Am scraping tables from a Matchday dropdown. when the print(val.text) is executed it prints each table 8 times just like the number of rows instead of just once it then moves to the next Matchday and prints the table 8 times.i just want it be printed once. can someone help me find where the problem is.
i would also like to append the tables scraped to an excel file any assistance would be a appreciated
from selenium import webdriver
from selenium.webdriver.common.by import By
from selenium.webdriver.common.keys import Keys
from selenium.webdriver.support.ui import Select
driver = webdriver.Chrome('C:\Chrome\chromedriver.exe')
driver.get('https://www.betika.com/mobile/#/virtuals/results')
#Selecting the Season dropdown box
Seasons = Select(driver.find_element_by_css_selector('td:nth-of-type(1) > .virtuals__results__header__select'))

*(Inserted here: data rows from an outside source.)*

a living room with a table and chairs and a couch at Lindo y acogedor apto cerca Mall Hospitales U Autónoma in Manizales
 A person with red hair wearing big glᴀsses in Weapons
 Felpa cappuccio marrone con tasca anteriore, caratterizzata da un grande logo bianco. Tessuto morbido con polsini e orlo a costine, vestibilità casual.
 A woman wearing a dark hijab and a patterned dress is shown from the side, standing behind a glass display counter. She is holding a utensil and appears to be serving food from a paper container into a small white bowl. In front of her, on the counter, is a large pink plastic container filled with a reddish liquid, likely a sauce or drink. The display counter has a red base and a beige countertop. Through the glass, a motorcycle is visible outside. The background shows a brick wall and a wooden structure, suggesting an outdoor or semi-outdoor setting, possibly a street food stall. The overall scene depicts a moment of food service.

#Selecting the Matchday dropdown box
Matchdays = Select(driver.find_element_by_css_selector('td:nth-of-type(2) > .virtuals__results__header__select'))
import time
#selecting all the options the Seasons dropdowns.
Season = len(Seasons.options)
for items in reversed(range(Season)):
Seasons.select_by_index(items)
time.sleep(2)
#selecting all the options the Matchdays dropdowns.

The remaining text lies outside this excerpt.